# "Wine Made Easy"



## dangerdave (Jan 26, 2013)

With Pumpkinman's help, I have compiled some of my recipes (including the Dragon Blood and it's variations) and methods into a PDF file for easy reference. Any feedback (good or bad) would be appreciated.

Current version updated 05/21/13: 

View attachment Wine_Made_Easy 2.0.pdf


----------



## dralarms (Jan 26, 2013)

Thanks Dave.


----------



## eblasmn9 (Jan 26, 2013)

Thanks, Dave. This is great. When I get a carboy free I am going to make me some dragon blood. I still love the name.


----------



## ShelleyDickison (Jan 27, 2013)

Thank you so much.


----------



## lonesomechicken (Jan 27, 2013)

Thanks Dave. I have my first batch of the 3B dragons blood in the fermenter. Yesterday it was 1.025 SG so only a another couple days. It looks and smells awesome. Its gonna be a great summer. I plan to already make more.
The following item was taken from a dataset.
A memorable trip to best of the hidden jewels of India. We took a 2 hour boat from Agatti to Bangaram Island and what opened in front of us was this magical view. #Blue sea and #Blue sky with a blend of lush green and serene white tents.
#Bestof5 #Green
Thinking about an elderberry version as I have a 6 lb bag of those in the freezer.

THanks again. The PDF will be useful


----------



## dangerdave (Jan 27, 2013)

You are all very welcome. If there are any questions or suggestions, let me know.


----------



## rezod11 (Jan 27, 2013)

Well done sir! And thank you.


----------



## Boatboy24 (Jan 27, 2013)

Thanks Dave! Your generous contributions are a great asset to this forum.


----------



## jpsmithny (Jan 27, 2013)

Dave,
Thanks for all you have done. I plan on starting a DB soon. 
You sure make it look easy.


----------



## the_rayway (Jan 27, 2013)

Thanks Dave!
I've got all my items lined up for a batch of Dragon's Blood! I can't wait!


----------



## kubi3875 (Jan 27, 2013)

I just bottled my first batch of 4 berry db and i dont think it will make it to march let alone summer thanks fellow buckeye for a great recipe


----------



## jrupjr (Jan 28, 2013)

Downloaded and printed. Very helpful. Thanks Danger!


----------



## wineforfun (Jan 31, 2013)

This is awesome, I can get rid of the 19 pages of your recipes and have it all in 1. 
Thanks a ton (and to Lon and pumpkinman) for the help and inspiration too.


----------



## Polarhug (Jan 31, 2013)

Thank you!


----------



## analog_kidd (Jul 31, 2013)

Question about the Dragon's Blood recipe in the .PDF file: You list "1 Bottles (48 oz each)" of the lemon juice. My notes from way back when I made my first batch said 2 bottles. The way it is written in the .PDF makes it sound plural. I was wondering if it was a typo?


----------



## dangerdave (Jul 31, 2013)

analog_kidd said:


> Question about the Dragon's Blood recipe in the .PDF file: You list "1 Bottles (48 oz each)" of the lemon juice. My notes from way back when I made my first batch said 2 bottles. The way it is written in the .PDF makes it sound plural. I was wondering if it was a typo?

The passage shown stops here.